Joaquin Cottani, chief Latin America economist at rating agency Standard & Poor’s, identifies two particular areas of concern among investors: the fiscal deficit — long the bane of Argentina’s economy — and the exchange rate. Despite the devaluation after currency controls were removed in December, the peso has already lost competitiveness thanks to high inflation. “The exchange rate is still perhaps too strong to attract investment in many sectors, and the fiscal situation is not good,” says Cottani. “Those two things are working against the boom in investment that people anticipated when the new government was elected.”
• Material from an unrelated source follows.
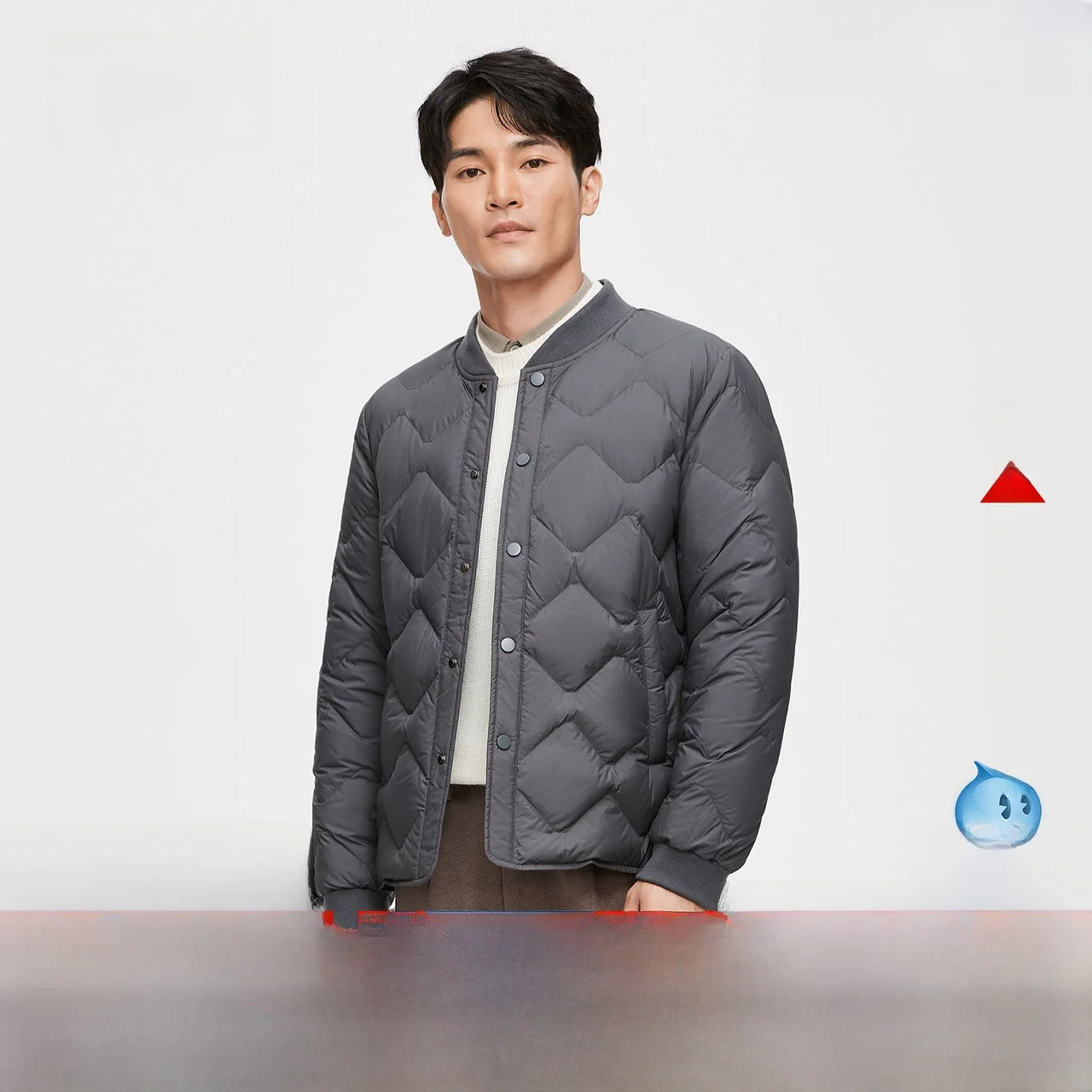 

Легкая ветрозащитная мужская короткая пуховая куртка с воротником-стойкой, модная городская повседневная модель из полиэфирного волокна с наполнителем из пуха.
“So far we’ve only seen a ‘rain of dollars’ to finance the deficit of the government itself, and that’s because Argentina has been absent from international markets for so long, with all this pent-up demand from investors looking for returns,” adds Cottani. Indeed, between the national government, provinces and companies, Argentina issued $24bn in the first half of 2016, accounting for about a fifth of all emerging market debt issuance.
The government is also expecting an influx of as much as $30bn when the tax amnesty starts to trigger the repatriation of Argentines’ funds abroad. The success of the whitewash could improve investment, but it will also present a challenge for the central bank, which has been struggling with flows of “hot money” as investors seek to take advantage of high domestic interest rates. “It’s not a lack of dollars that is the problem. Paradoxically, we have an excess of dollars,” says an official at the central bank, which under the new administration is focusing on tackling inflation, rather then seeking to control the exchange rate too.
But Cottani, an Argentine who says he “optimistic” about Argentina’s prospects for attracting investment, argues that most businesses will wait on the sidelines to see what happens this year and what the outlook is for important midterm elections next year. “I don’t think the boom that many imagine is going to happen this year or even next year,” he says.
Emilio Ilac, chief executive of Puente, an investment bank in Buenos Aires, says Argentina is “already the star emerging market”. He is convinced it will keep that status for the remainder of Macri’s term. His bank has been inundated by “hundreds” of funds seeking advice, many of which have never invested in the country that had been demoted to a “frontier market” during the Kirchner years. “When something is too good to be true it usually is — but this is Argentina,” he says.